"Come on, we have to out-Facebook John Smith (name changed for obvious reasons)!" My mother said this when she visited me a few weeks ago. My mother. My 53-year-old mother. As if this were 1963 and the Joneses just got a brand spankin' new refrigerator, and we needed to get the next expensive model. But thanks to it being 2014 and our lives existing on social media, I can simply share a pic of my new #fridge and make @JuniorJones incredibly jealous. So why was my mother so hot to tag herself at every restaurant we went to? "So my followers can see all the cool stuff we did," my mom said.
According to a new study, my mother is not alone. Out of the 1,000 U.S. adults surveyed by Ford (somehow, this study was supposed to correlate with Mustang's 50th anniversary), almost one third admitted to doing something for the sole purpose of sharing it on social media. (13 percent admitted they've only done this once, while 16 percent are repeat offenders.) But you and your #OutForARuns aren't fooling anybody: 45 percent of survey participants think their friends appear more adventurous on social media than they actually are in real life.

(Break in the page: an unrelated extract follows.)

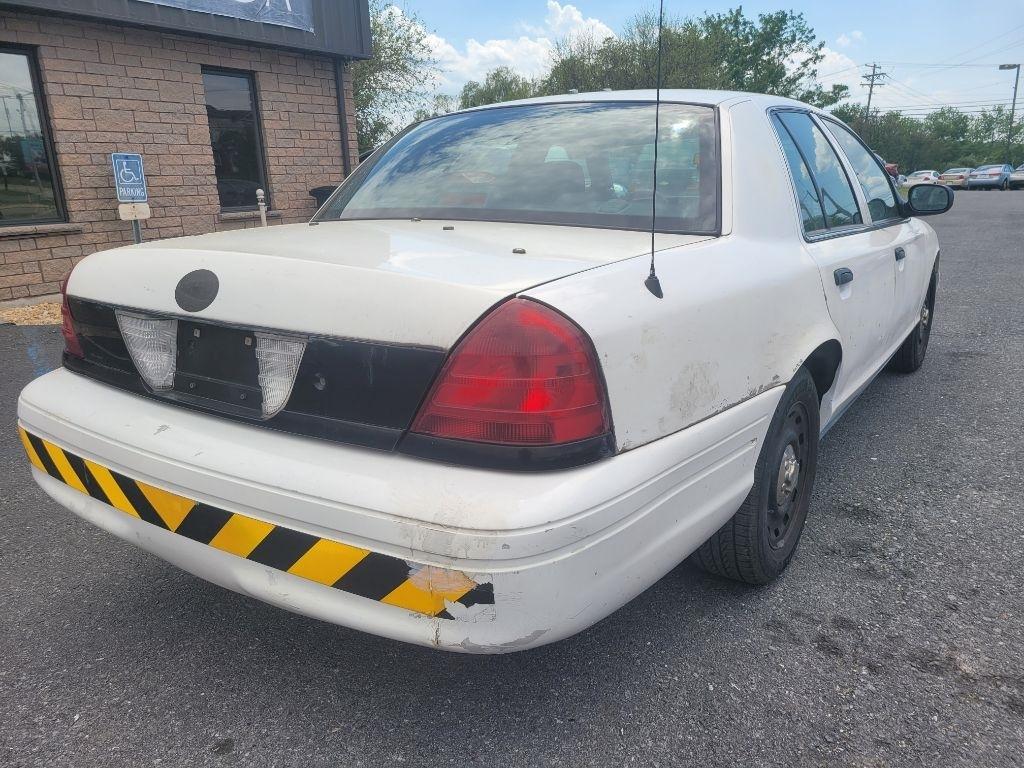 Ford Crown Victoria Police Interceptor 2005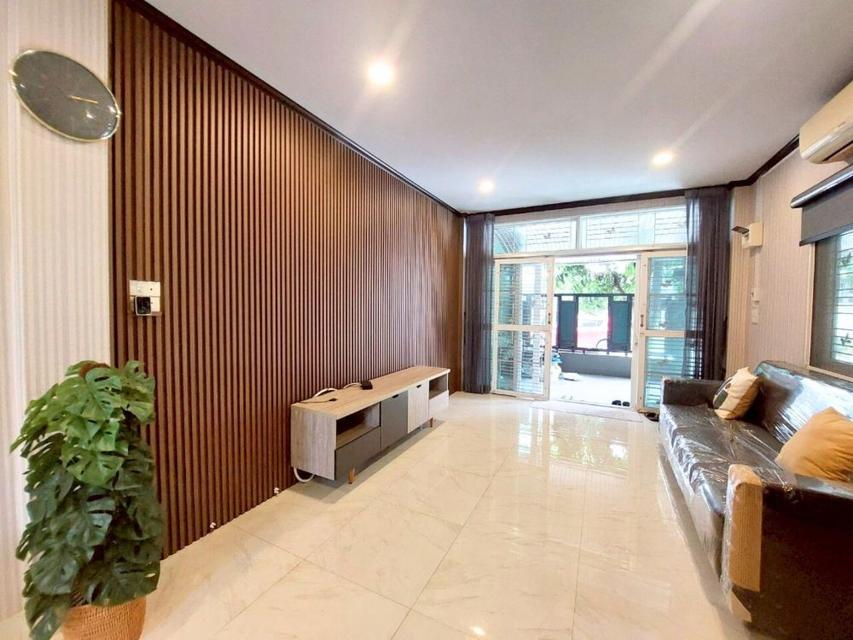 ให้เช่าทาวน์โฮม 2 ชั้น หมู่บ้านไทยสมบูรณ์ 3 รังสิต-คลองสาม รีโนเวทสวยพร้อมเข้าอยู่ ทำเลดี ใกล้ฟิวเจอร์ปาร์ค รังสิต 2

The study by Ford is part of a larger program called ICON50, which encourages Americans to "rekindle their sense of adventure" and "test drive" new experiences (read: a new Mustang). On the flip side, the survey also discovered that Americans are now less adventurous than ever. Nearly half (43 percent) of respondents listen to "the voice in their head" that says not to try something new. Expense was the most common roadblock for survey responders, followed by fear of failure and embarrassment.
I, personally, can't recall doing something just to tweet about it…but does taking pictures of otherwise inconsequential things register as odd behavior? Because, as today's #ootd would suggest, I'm so guilty.